The Diamond Problem and Virtual Inheritance
June 11, 2020 by Jane

The Diamond Problem:

Because C++ allows for multiple inheritance, the diamond problem is a common issue. The "diamond problem" is inspired by the diamond shape that the inheritance hierarchy takes when the problem potentially occurs.

What is the diamond problem and what is the virtual base class in C++?

Let's look at an example that demonstrates this problem:

 

class A {

public:

    virtual void read();

    virtual void write();

};

class B : public A { 

public:

    void write();

};

class C : public A {

public:

    void read();

};

class D : public B, public C {

public:

    void read();

};

int main() { 

    D d;

    d.write();

}

 

Both B and C are using method write, class D doesn't know which write to use. This code will not compile, it will fail because of "ambiguous access of write".

The way memory works is, the implementation of two objects are stacked one after another. The base class A is duplicated inside B, then again inside C. And both B and C are duplicated inside D. So when an instance of D tries to call write, the compiler doesn't know to call A::B::write() or A::C::write()

 

How to resolve this? We can rename the methods so that they are different. But if we don't want to, there are two ways.
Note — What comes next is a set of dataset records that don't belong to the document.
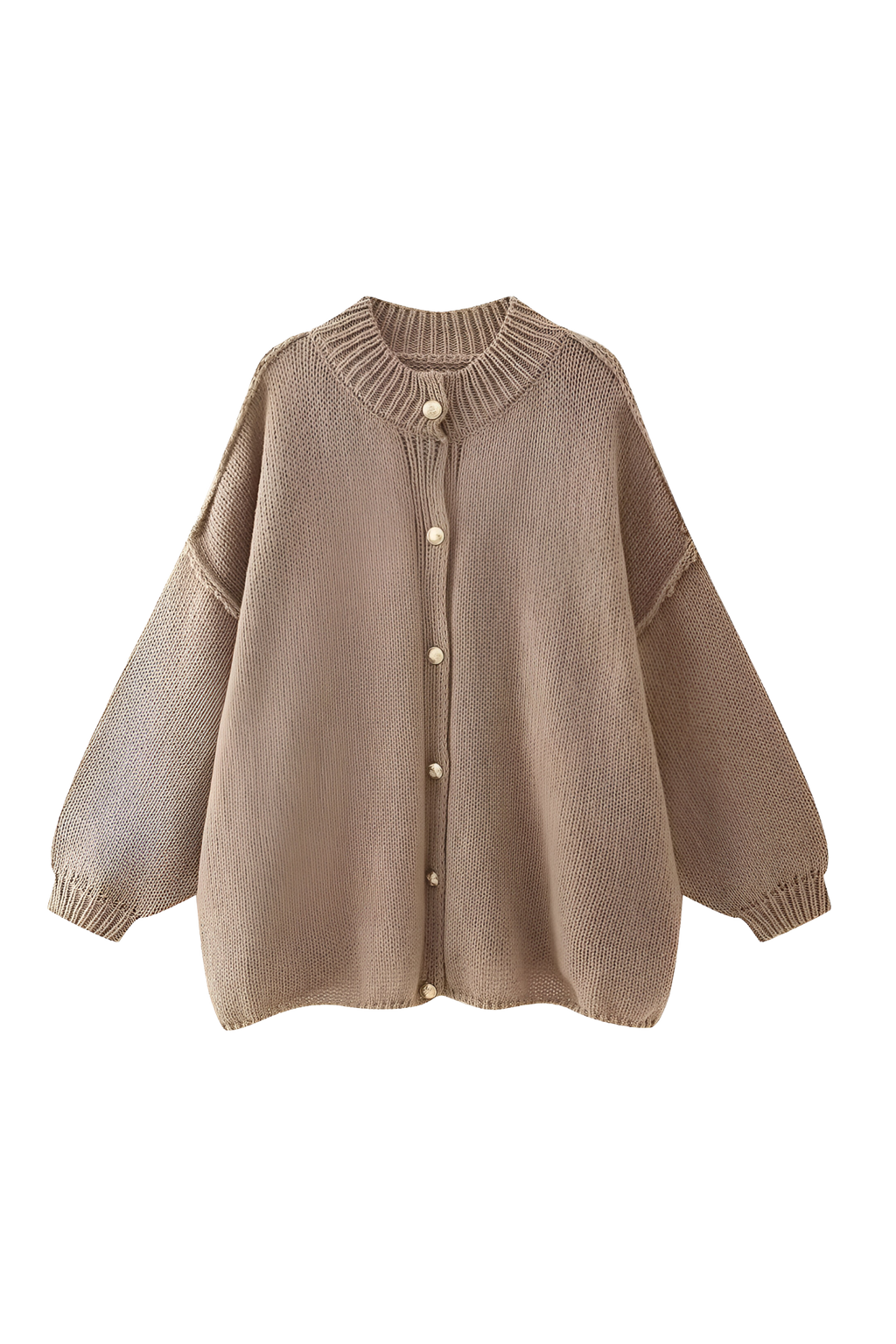 Cárdigan oversize punto grueso cuello alto botones metálicos - Koranna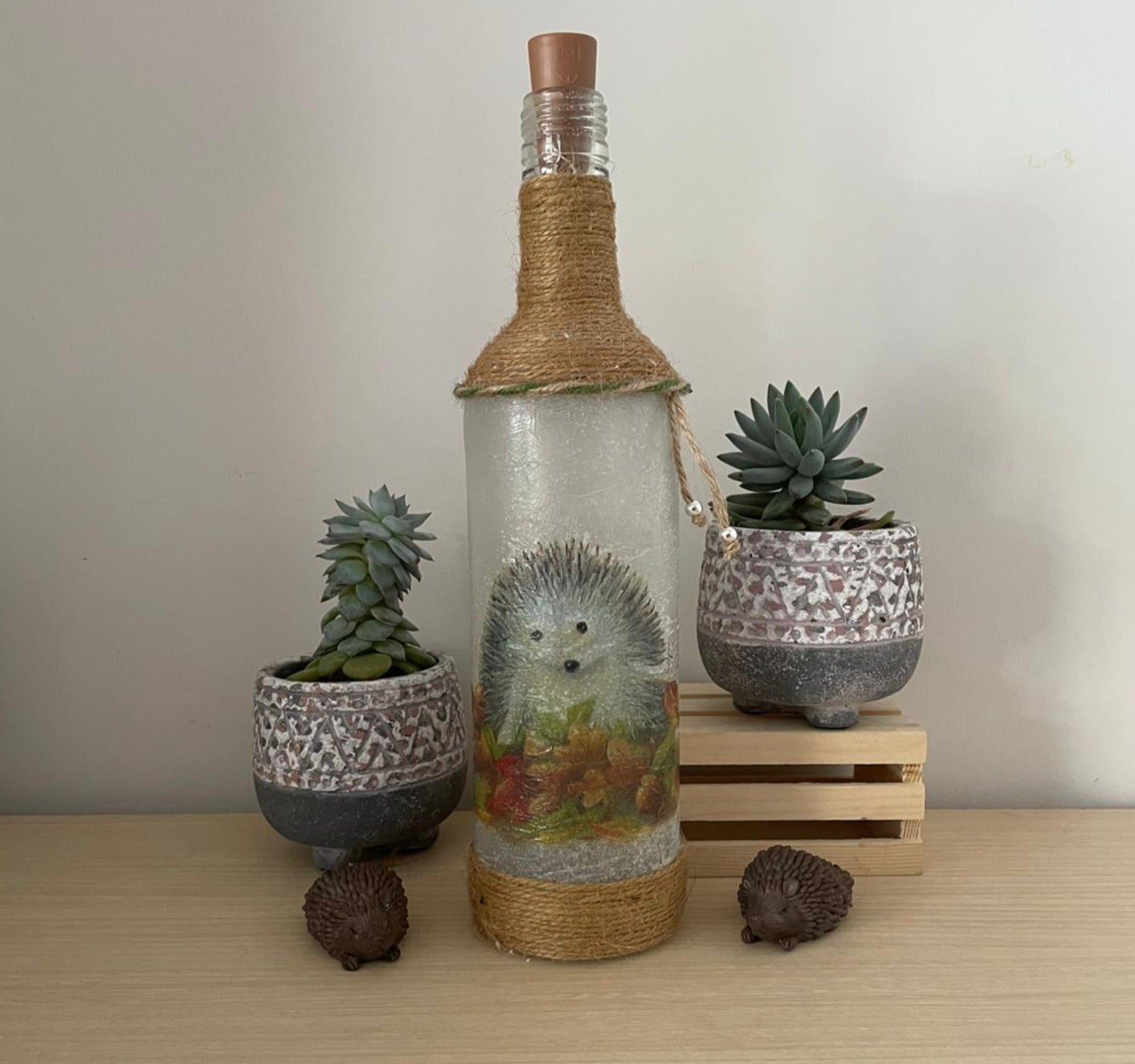 Handmade Decoupage Bottle Light - Hedgehog - unlit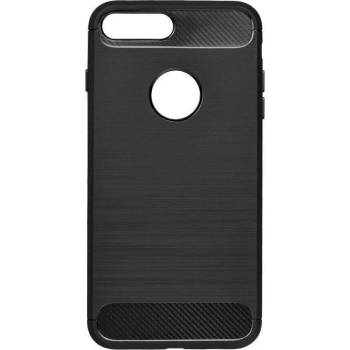 Forcell Противоударен Силиконов Калъф за iPhone SE 2022/2020 8/7, FORCELL Carbon Case, Черен (5901737414236)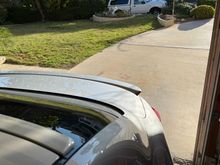 Width of door opening is 98”. 
G is just under 70”, with mirrors 80”
Cannot back straight out or you will end up in a flower garden. As such, one needs to cut the wheel to the left to stay centered in the driveway. 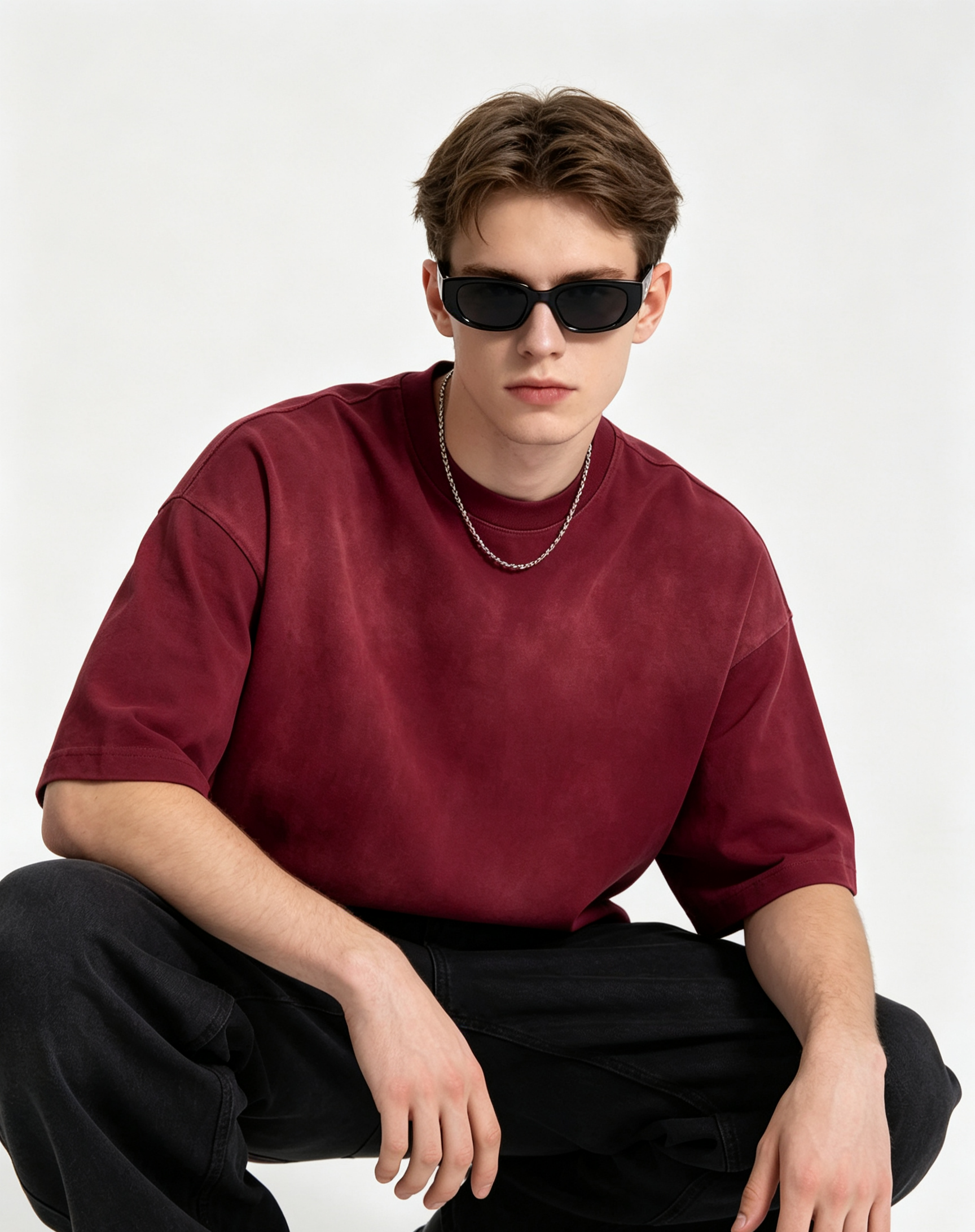 250G Cotton Faded Solid Oversized Raglan Summer Crew Neck Tee 8 Colors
1) Use a fully qualified function name

E.g. 

d.B::write(); // code will now compile 

 

2) Use virtual inheritance

 

Virtual Inheritance:

class B : public virtual A { // "public virtual" or "virtual public" are equivalent

    public:

    void write();

};

class C : public virtual A {

    public:

    void read();

};

 

Using the virtual keyword in the inheritance process, we ensure that class D will only have one copy of class A inside it. The code will now compile and instances of D will call the write() method from B because it's closer in the inheritance hierachy.

 

Constructors and Virtual Inheritance:

Because there is only a single instance of a virtual base class that is shared by multiple classes that inherit from it, the constructor for a virtual base class is not called by the class that inherits from it (which is how constructors are called, when each class has its own copy of its parent class) since that would mean the constructor would run multiple times. Instead, the constructor is called by the constructor of the concrete class. In the example above, class D directly calls the constructor for A. If you need to pass any arguments to the A constructor, you would do so using an initialization list.

 

One thing to be aware of is that if either class B or C invoked the A constructor in their initialization lists, that call will be completely skipped when constructing an instance of class D. Be careful when using virtual inheritance and test the constructors prudently.

 

Let's take a look at the order of construction and destruction in virtual inheritance:

int main() {
    D d;

}

The order is: C D ~D ~C ~B ~A

So what did we learn? Because of virtual inheritance there is only one copy of A in the definitions so A is only called once. If we didn't have virtual in heritance, both C() and D() constructors would call A() since they are derived classes and we would have: B A C D ~D ~C ~A ~B ~A. See C++ Constructors and Initializer Lists 

 

E.g. With initializer lists and parameterized constructors

class A {

public:
    A(int x) { cout << "Ax" << endl; }
    A() { cout << "A" << endl; }
    ~A() { cout << "~A" << endl; }

};

class B : public virtual A {

public:
    B(int x): A(x) { cout << "Bx" << endl; };
    B() { cout << "B" << endl; };
    ~B() { cout << "~B" << endl; }

};

class C : public virtual A {

public:
    C(int x): A(x) { cout << "Cx" << endl; };
    C() { cout << "C" << endl; };
    ~C() { cout << "~C" << endl; }

};

class D : public B, public C {

public:
    D(int x):B(x), C(x) { cout << "Dx" << endl; }
    D() { cout << "D" << endl; }
    ~D() { cout << "~D" << endl; }

};

int main() {
    D d;

}

What is the output?

Are you surprised it's: A Bx Cx Dx ~D ~C ~B ~A ?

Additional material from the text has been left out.